Instructions to follow: Exact copies of the lines below, from the one with "Bella Casa - Business&family, 100m" up to and including the one with "1st image of 3032 Nanette Dr", are what this calls for; leave out pictures.

━━━ Dataset records

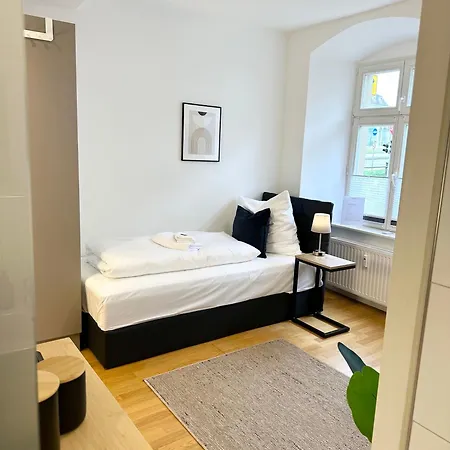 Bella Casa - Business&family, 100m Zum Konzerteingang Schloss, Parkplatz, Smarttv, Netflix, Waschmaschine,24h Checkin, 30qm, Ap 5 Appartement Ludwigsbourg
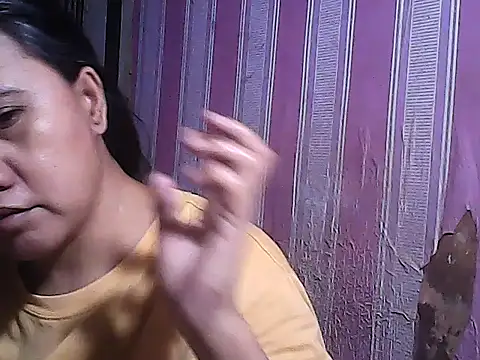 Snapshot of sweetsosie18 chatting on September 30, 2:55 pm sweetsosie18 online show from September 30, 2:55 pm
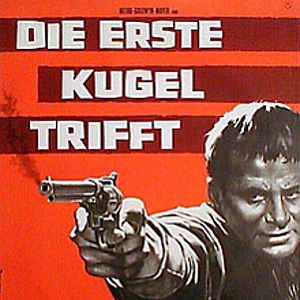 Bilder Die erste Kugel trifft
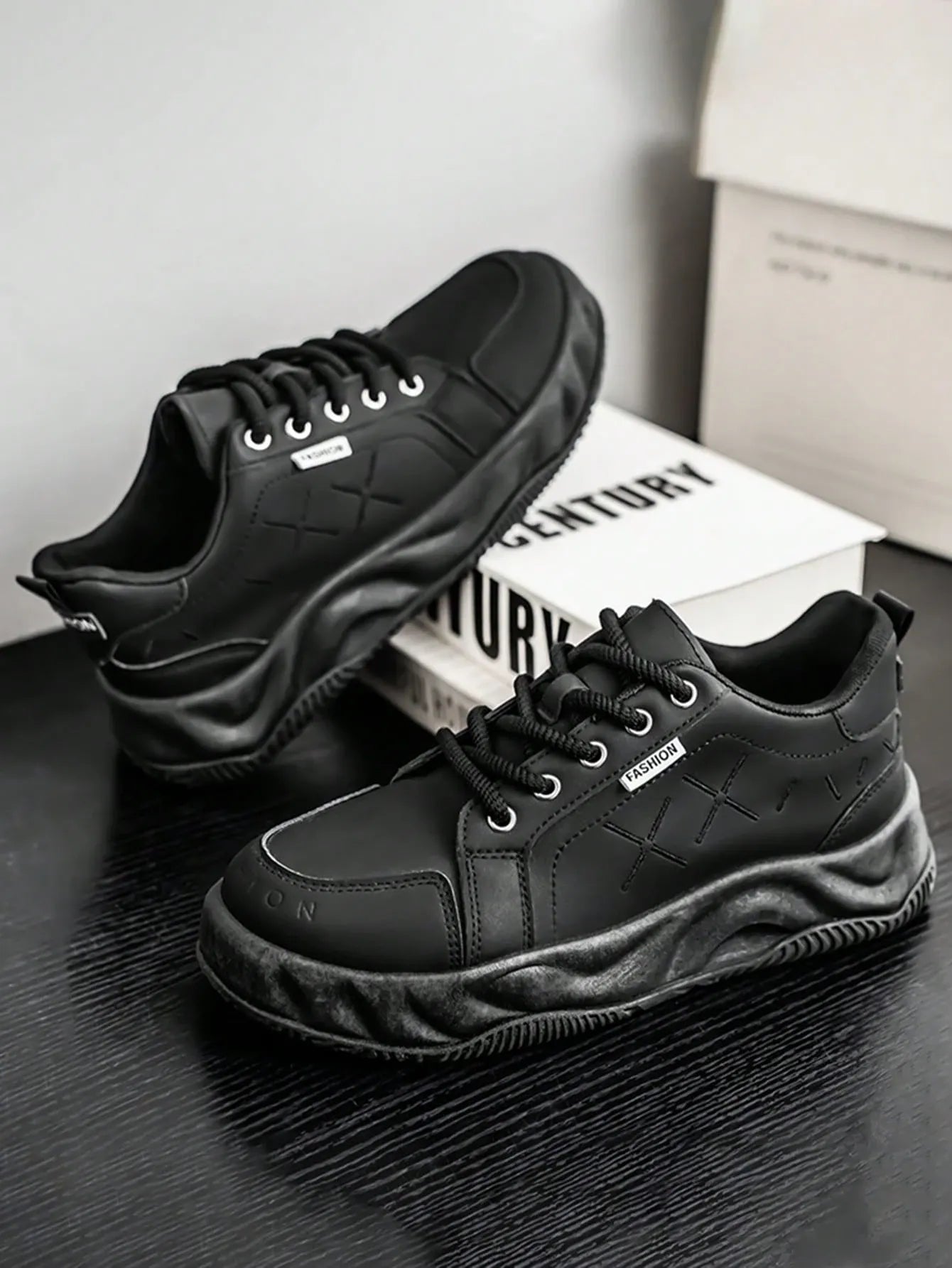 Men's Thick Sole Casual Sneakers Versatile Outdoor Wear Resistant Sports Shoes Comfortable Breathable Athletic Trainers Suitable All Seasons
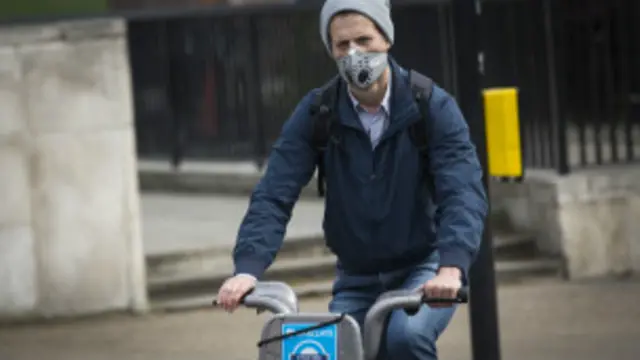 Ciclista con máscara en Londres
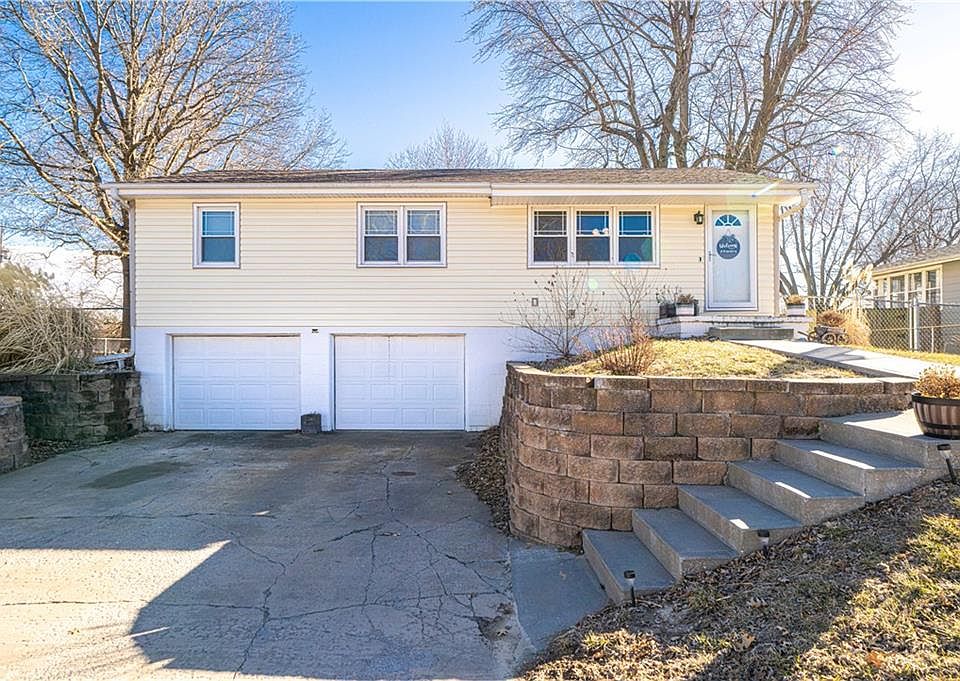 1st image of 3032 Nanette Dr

━━━━━━
━━━ Dataset records

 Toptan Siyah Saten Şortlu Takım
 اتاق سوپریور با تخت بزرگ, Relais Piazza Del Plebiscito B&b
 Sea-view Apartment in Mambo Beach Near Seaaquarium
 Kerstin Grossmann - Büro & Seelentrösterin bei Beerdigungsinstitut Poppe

━━━━━━

Reply:
 Bella Casa - Business&family, 100m Zum Konzerteingang Schloss, Parkplatz, Smarttv, Netflix, Waschmaschine,24h Checkin, 30qm, Ap 5 Appartement Ludwigsbourg
 Snapshot of sweetsosie18 chatting on September 30, 2:55 pm sweetsosie18 online show from September 30, 2:55 pm
 Bilder Die erste Kugel trifft
 Men's Thick Sole Casual Sneakers Versatile Outdoor Wear Resistant Sports Shoes Comfortable Breathable Athletic Trainers Suitable All Seasons
 Ciclista con máscara en Londres
 1st image of 3032 Nanette Dr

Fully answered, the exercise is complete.